Appreciating fresh corn, peaches, crabs, croakers and history

August 2, 2013

Our bicycle journey across the U.S. continued this week through Pennsylvania - on the trail known as the Great Allegheny Passage - and on into the mountains of Maryland. We should be home in about two weeks, just in time to begin enjoying Freeman sweet corn, Bennett and Fifer peaches, steamed crabs and fried croakers.

We’ve pedaled more than 3,100 miles at this point. The good fortune we feel knowing we live along the coast where so much fresh food is available has only been reinforced by our journey. The fact that we have clean and warm oceans and bays to swim in also takes on a greater glow after feeling our hands and feet numb in the cold waters of most of the mountain-fed streams and rivers we have crossed.
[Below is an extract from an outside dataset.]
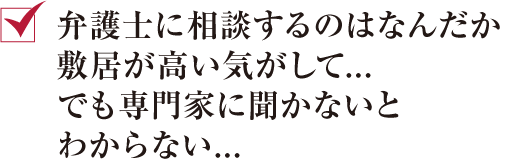 弁護士に相談するのはなんだか敷居が高い気がして...でも専門家に聞かないとわからない...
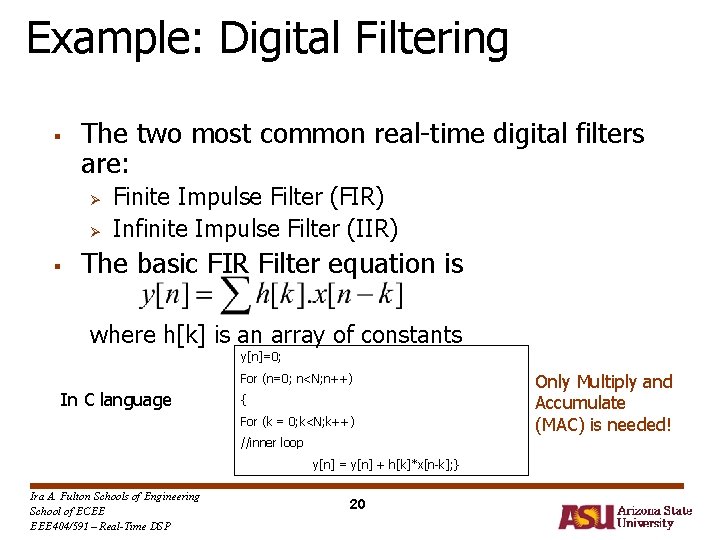 Example: Digital Filtering § The two most common real-time digital filters are: Ø Ø Example: Digital Filtering § The two most common real-time digital filters are: Ø Ø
The importance of appreciating the rich history of our coastal region has also been reaffirmed by our travels. Maybe it’s the graying of ourselves and our population, but we’ve learned so much from the many historical markers and interpretive signs we’ve passed - especially along the hundreds of miles of bicycle and pedestrian trails we’ve been privileged to ride. Such signs are informative for those passing through, but for those who live in different regions of the country, the signs help develop a pervasive and protective sense of historical stewardship.

Yesterday we crossed a western section of the late 1700s Mason-Dixon Line marked by granite cobblestones where the Great Allegheny Passage trail crosses. Today we stopped and read the Legend of Lovers Leap, below towering stone cliffs in an area along Wills Creek called The Narrows, west of Cumberland. It tells the tragic story of a star-crossed Indian maiden and English trapper couple who found themselves in a hopeless situation.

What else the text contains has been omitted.